D. Count IV: Common Law Fraud
In addition, Brust claims that Count V of the complaint, alleging common law fraud, fails to comply with the strict pleading requirements of Rule 9(b) and thus should also be dismissed. Under Illinois law, to establish liability for fraud, the plaintiff must establish the following elements: "`(1) a false statement of material fact, (2) knowledge or belief of the falsity by the party making it, (3) intention to induce the other party to act, (4) action by the other party in reliance on the truth of the statements, and (5) damage to the other party resulting from such reliance.'" Renovitch v. Kaufman, 905 F.2d 1040, 1049 (7th Cir. 1990) (quoting Bd. of Educ. v. A, C S, Inc., 546 N.E.2d 580, 591 (Ill 1989)).

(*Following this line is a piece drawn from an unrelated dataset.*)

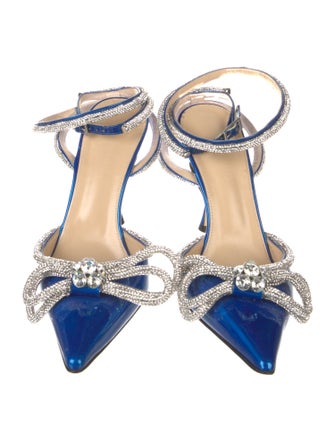 Mach & Mach Patent Leather Crystal Embellishments Slingback Pumps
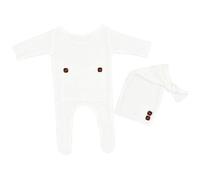 YUNGLOO Baby Boy Girl Romper Hat Set Knitted Jumpsuit Long Tail For Head Wrap Turban Cap Headwear Bonnet Crochet Costume Fairy Garden Fairies Fairy Garden Accessories Resin Ornaments Figurines Angel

In support of Count IV of their complaint, the Rezins reassert the allegations made in support of Count n. As stated above in the discussion of the sufficiency of the Rezins 10b-5 claim, a false statement central to the Rezins' complaint is Brust's assertion that the Merger was going to take place within a reasonable amount of time. (Compl. ¶¶ 17-19) As stated in the Order of Prohibition, which is incorporated in the Rezins' complaint, "there is nothing to indicate that [the Merger] ever will occur." ( Id., Ex. 4.) The Rezins* complaint also "reallege[s] and reassert[s]" the preceding paragraphs from the complaint in Count IV. ( Id. ¶ 23.) The allegations made in Count IV, as discussed above, are sufficient to put Brust on notice of the "who, what, where, when, and how" of the claim for common law fraud. Accordingly, the Court denies Brust's motion to dismiss Count IV for failure to plead fraud with particularity.
E. Count V: Rescission
Having determined that Count IV of the Rezin's complaint states a cause of action for common law fraud against Brust, we finally address whether Count V states a cause of action against Brust for rescission of the transactions between Brust and the Rezins. The elements of an equitable claim for rescission on the basis of fraud and misrepresentation are: a statement of material fact; made to induce the other party to act; the statement is false and known by the party making it to be false; and the party to whom the statement is made must reasonably believe it to be true and rely thereon to his damage. Douglass v. Wanes, 458 N.E.2d 514, 523 (Ill.App.Ct. 1983),
The Rezins have pleaded that Brust made false representations regarding the Merger upon which the Rezins reasonably relied when entering into the stock purchase transactions, and that they suffered damages as a result. (Compl., Ex. 4.) Accordingly, Count V of the Rezins' complaint states a cause of action for rescission of the stock purchase transactions. Brust's motion to dismiss Count V is therefore denied.